The broadcast was interrupted – and sounds of a beating could be heard.
But anti-racism activists want far more than just the renaming of a metro stop after Marincola – they want to shine the spotlight on Italy’s colonial history.
They want the authorities in Rome to go further and begin a process of decolonising the city.
This happened unilaterally in Milan when, amid the Black Lives Matter protests, the statue of controversial journalist Indro Montanelli, who defended colonialism and admitted to marrying a 12-year-old Eritrean girl during his army service in the 1930s, was defaced.
Yet to bring about true change there needs to be an awareness about the past.
The trouble at the moment is what seems to be a collective amnesia in Italy over its colonial history.
In the years I have spent reporting from the country I am always struck at how little most Italians seem to know about their colonial history, whether I’m in Rome, Palermo or Venice.

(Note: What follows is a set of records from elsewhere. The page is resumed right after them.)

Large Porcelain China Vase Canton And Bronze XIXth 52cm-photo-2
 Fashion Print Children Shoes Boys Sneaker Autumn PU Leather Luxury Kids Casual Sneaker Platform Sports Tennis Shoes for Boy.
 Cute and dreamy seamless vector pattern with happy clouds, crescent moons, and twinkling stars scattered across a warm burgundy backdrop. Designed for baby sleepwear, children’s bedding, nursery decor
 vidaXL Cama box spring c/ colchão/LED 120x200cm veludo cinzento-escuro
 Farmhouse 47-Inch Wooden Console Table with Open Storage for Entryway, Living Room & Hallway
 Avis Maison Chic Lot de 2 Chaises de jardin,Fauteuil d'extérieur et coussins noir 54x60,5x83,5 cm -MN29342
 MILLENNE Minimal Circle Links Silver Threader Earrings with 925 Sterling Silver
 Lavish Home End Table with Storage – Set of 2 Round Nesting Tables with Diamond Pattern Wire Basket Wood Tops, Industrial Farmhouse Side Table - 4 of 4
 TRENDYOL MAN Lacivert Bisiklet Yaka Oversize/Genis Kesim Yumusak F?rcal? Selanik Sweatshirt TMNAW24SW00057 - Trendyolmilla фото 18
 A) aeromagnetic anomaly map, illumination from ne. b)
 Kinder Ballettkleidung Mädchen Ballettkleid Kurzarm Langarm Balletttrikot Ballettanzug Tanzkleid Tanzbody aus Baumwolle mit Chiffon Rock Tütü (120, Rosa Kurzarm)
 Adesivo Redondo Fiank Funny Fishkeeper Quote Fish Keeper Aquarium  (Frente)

The extent of Italy’s involvement in Eritrea, Somalia, Libya and Albania to Benito Mussolini’s fascist occupation of Ethiopia in the 1930s is not acknowledged.
Last month, Somalia celebrated its 60th anniversary of independence.
Reshaped by 30 years of conflict, memories of colonial times have all been lost – except in the kitchen where a staple of Somali cuisine is “suugo suqaar”- a sauce eaten with “baasto” or pasta.
But for this Somali bolognese, we use cubed beef, goat or lamb with our version of the classic Italian soffritto – sautéed carrots, onion and peppers – to which we add heady spices.
I love to cook these dishes and last summer while I was in Palermo did so for Italian friends, serving it with shigni, a spicy hot sauce, and bananas.
It was a strange pairing for Italians, though my friends tucked in with gusto – with only the odd raised eyebrow.
And Somalis have also left their own imprint in Italy – not just through the Marincola siblings – but in the literature, film and sports.
Cristina Ali Farah is a well-known novelist, Amin Nour is an actor and director, Zahra Bani represented Italy as a javelin thrower and Omar Degan is a respected architect.
And today Somalis constitute both some of Italy’s oldest and newest migrants.
In spring 2015 I spent a warm afternoon meandering throughout the backstreets near Rome’s Termini station meeting Somalis who had been in Italy for decades and Somalis who had arrived on dinghies from Libya.
Those new to Italy called the older community “mezze-lira” – meaning “half lira” to denote their dual Somali-Italian identities.
In turn they are called “Titanics” by established Somalis, a reference to the hard times most migrants have faced in making the perilous journey across the Mediterranean to reach Europe, and the lives they will face in Italy with the political rise of anti-migration parties.
The naming of a station after Marincola is an important move for all of them – and a timely reminder for all Italians of the long ties between Italy and Somalia.